[Crawled caption data]
________________________

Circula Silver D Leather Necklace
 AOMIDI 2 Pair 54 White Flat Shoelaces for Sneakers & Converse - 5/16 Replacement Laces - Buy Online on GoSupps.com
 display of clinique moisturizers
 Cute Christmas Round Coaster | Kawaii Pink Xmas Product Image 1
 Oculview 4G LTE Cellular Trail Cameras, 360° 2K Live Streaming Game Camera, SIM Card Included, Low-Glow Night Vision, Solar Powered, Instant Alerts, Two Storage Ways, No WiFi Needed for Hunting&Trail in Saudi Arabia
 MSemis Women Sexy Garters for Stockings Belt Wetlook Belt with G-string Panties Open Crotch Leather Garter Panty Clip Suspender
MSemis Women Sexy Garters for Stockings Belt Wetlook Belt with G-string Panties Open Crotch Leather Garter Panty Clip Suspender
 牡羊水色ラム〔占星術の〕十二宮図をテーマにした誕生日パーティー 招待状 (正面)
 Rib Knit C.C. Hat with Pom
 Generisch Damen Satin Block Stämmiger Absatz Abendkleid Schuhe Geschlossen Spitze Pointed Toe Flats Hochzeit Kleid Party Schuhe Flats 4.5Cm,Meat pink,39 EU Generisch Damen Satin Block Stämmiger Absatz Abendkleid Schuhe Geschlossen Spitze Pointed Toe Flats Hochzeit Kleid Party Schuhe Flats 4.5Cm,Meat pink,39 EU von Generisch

________________________

_What is being asked_. Each line of the data needs to be repeated exactly.

_Problem solution_.
Circula Silver D Leather Necklace
 AOMIDI 2 Pair 54 White Flat Shoelaces for Sneakers & Converse - 5/16 Replacement Laces - Buy Online on GoSupps.com
 display of clinique moisturizers
 Cute Christmas Round Coaster | Kawaii Pink Xmas Product Image 1
 Oculview 4G LTE Cellular Trail Cameras, 360° 2K Live Streaming Game Camera, SIM Card Included, Low-Glow Night Vision, Solar Powered, Instant Alerts, Two Storage Ways, No WiFi Needed for Hunting&Trail in Saudi Arabia
 MSemis Women Sexy Garters for Stockings Belt Wetlook Belt with G-string Panties Open Crotch Leather Garter Panty Clip Suspender
MSemis Women Sexy Garters for Stockings Belt Wetlook Belt with G-string Panties Open Crotch Leather Garter Panty Clip Suspender
 牡羊水色ラム〔占星術の〕十二宮図をテーマにした誕生日パーティー 招待状 (正面)
 Rib Knit C.C. Hat with Pom
 Generisch Damen Satin Block Stämmiger Absatz Abendkleid Schuhe Geschlossen Spitze Pointed Toe Flats Hochzeit Kleid Party Schuhe Flats 4.5Cm,Meat pink,39 EU Generisch Damen Satin Block Stämmiger Absatz Abendkleid Schuhe Geschlossen Spitze Pointed Toe Flats Hochzeit Kleid Party Schuhe Flats 4.5Cm,Meat pink,39 EU von Generisch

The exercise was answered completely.